Nascent Objects has a handful of partners that use industrial-scale 3D printers to print the final design, which includes cavities for each electronics module and thin channels that snake through the interior of the device for wiring. Nascent Objects takes care of the next step itself, turning those empty channels into conductive leads between each component via a secretive process. All Elmieh would tell me is that it involves “a liquid that can metalize the interior of 3D-printed objects” and grew out of work that Alexandre Jais, Nascent Objects’ “3D printing guru”, developed at his Stanford spin-off company Rabbit Proto.
Three days after submitting a design, the customer receives the printed object along with its set of electronics modules. Pop them in, snap on the printed covers, and the product is fully functional.
And it can cost as little as $50.
Larger, more complex designs might run up to $1,000—but even that is a mind-boggling improvement over months of development time and hundreds of thousands of dollars in up-front costs. Elmieh says that for most smart electronics product categories, manufacturing with Nascent Objects should cost on average $200 per unit.

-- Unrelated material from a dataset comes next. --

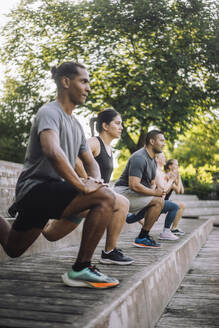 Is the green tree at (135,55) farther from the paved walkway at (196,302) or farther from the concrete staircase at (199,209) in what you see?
the paved walkway at (196,302)

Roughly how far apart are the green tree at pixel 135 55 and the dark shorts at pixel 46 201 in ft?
43.1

That’s cheap enough for a hobbyist to use the platform for one-off projects, while the process is scalable for businesses that want to place orders in the thousands. And since printer time is the largest expense, the cost of a customized smart gadget will only continue to fall.

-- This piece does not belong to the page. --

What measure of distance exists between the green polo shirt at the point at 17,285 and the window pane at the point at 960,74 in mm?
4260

There are limitations, of course. Nascent Objects is still improving its electronics modules, and hopes to shrink them significantly while boosting performance and battery life. And even though the company’s manufacturing partners can work with a variety of materials, 3D printed objects don’t always meet the physical tolerances or design needs of mass-produced products, which often use injection-molded plastics. So while some products are retail-ready right out of the printer, Nascent Objects is largely going after opportunities in the in-between stage—where a company needs to test a number of different designs or a startup wants to quickly fulfill crowdfunding orders before moving to a more traditional manufacturing process.
“We’re trying to be smart about the products we pick,” Elmieh says.
The inexpensive process and quick turnaround time have already started to woo customers. Elmieh told me his company recently prototyped a smart home device for Taiwanese electronics manufacturer Compal; instead of months, it took just 10 days to deliver the first fully functional unit. And at Maker Faire earlier this month, California toymaker Rawrz showed off a line of smartphone-controlled, animal-shaped “cupcake” lights built with Nascent Objects.
Though potential customers need to reach out directly to get started, Nascent Objects is already open for business and fulfilling orders. Its workshop is currently staffed by two people running multiple printers that can turn out 400 products a day. As the platform evolves the back-end will need to scale to handle more and larger customers automatically, but Elmieh says there’s “almost infinite capacity for production development.”
And considering the massive predictions for the Internet of Things and the explosion of innovation that accompanies every new democratization in technology, he’s going to need it.